Asian stock market stars could see more tailwinds even as the world tightens
(Bloomberg) – Fed hikes, decades-high inflation and Covid lockdowns in China only add to investor bets that Southeast Asian stock markets could be one of the best places to park their money right now.
Buyers are touting an economic reopening and the region’s attractiveness as a hedge against rising commodity prices, helping the MSCI Asean index emerge from a three-year relative downtrend against its global counterpart . Foreign funds have bought Southeast Asian stocks every month this year, with total inflows of $10 billion so far, according to data compiled by Bloomberg.
“There has certainly been a resurgence of interest in Asean,” said Alexander Treves, head of Asia-Pacific equity investment specialists at JPMorgan Asset Management. “Cyclically, Asean is coming out of a pretty tough Covid period and so they’re taking advantage of that and there are markets like Indonesia, which are also commodity exporters.”
Freed from China and Japan’s border restrictions, Southeast Asian economies are buoyed by the revival of tourism, an industry that contributed 12% of their gross domestic product in 2019, according to World Travel & Tourism. Council.

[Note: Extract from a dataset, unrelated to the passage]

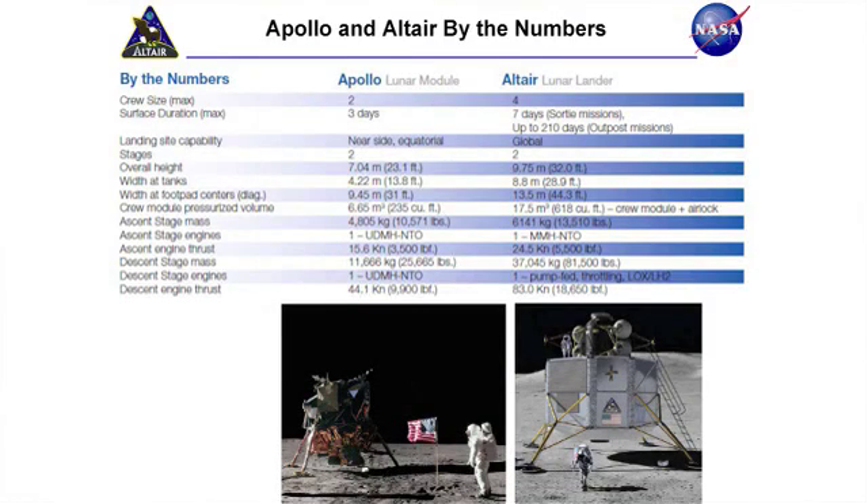This sort of sizes up the two vehicles. I tried to make these pictures about the right scale relative to one another. The Apollo lunar module weighed about 16 tons. Our Altair lunar lander, fully fueled, weighs 45 tons.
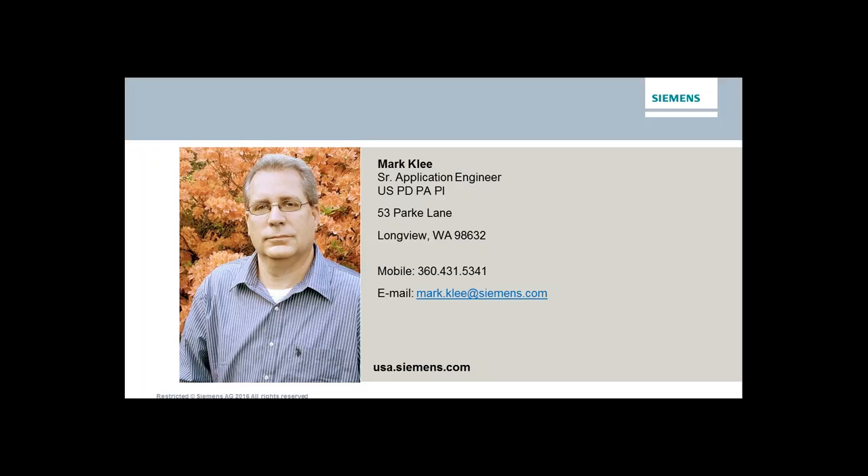With that, I'll turn it back over. Mike, did we have any questions that came in this morning? You must have done a great job because I don't have any questions yet. We'll start our wrap-up and get any questions answered. Thank you very much for your presentation, Mark. If anybody does have any specific application questions, please feel free to give us a call at 800-9-Lessman.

Ticket bookings are up as Thailand, Malaysia and Indonesia offer quarantine-free entry for vaccinated travellers, while Singapore has mostly returned to pre-pandemic life.
“Countries in Southeast Asia have all reopened with very few travel restrictions, so I think there should be an increase in tourism and consumer activity, especially as the season approaches. summer travel,” said David Chao, global market strategist for Invesco Ltd. in Hong Kong. . “Southeast Asian risk assets look more attractive than North Asian equities.”
Meanwhile, the region acts as an inflation hedge as the war in Ukraine pushes global commodity prices higher. Malaysia is a net exporter of oil while Indonesia ships coal, palm oil and natural gas, among others, helping to drive gains in related stocks.
The Jakarta Composite Index is Asia’s best-performing major benchmark this year, up almost 10% and nearing a record high. The expanded Southeast Asia gauge is on track to outperform the MSCI All Country World Index for a second consecutive quarter.
The outperformance came despite the Federal Reserve launching an aggressive interest rate hike, which has weighed on assets in the region in the past. For now, investors are giving local central bankers the benefit of the doubt on their ability to successfully manage the shift to tighter monetary policy even as inflation continues to spread.
The impact of any policy tightening will at least trickle down to the earnings of financial companies, which account for nearly 40% of the Southeast Asian benchmark.
Singapore and Indonesia have the region’s largest exposure to financials and “our view is particularly constructive in these two markets for the months ahead,” wrote strategists at Deutsche Bank International Private Bank, including Stefanie Holtze-Jen. , in a note at the end of April.
Southeast Asian equities also stand out as something of a safe haven with expensive US equities hit by rising rates, European equities under pressure from the impact of Russia’s invasion of Ukraine and Chinese stocks pricing in slower growth thanks to Beijing’s unwavering Covid-Zero strategy.
The rotation of international investors out of Chinese allocations “indirectly benefited some Southeast Asian markets,” said Sid Choraria, global equity portfolio manager at SC Asia. “I expect that to continue, as long as China’s concerns persist.”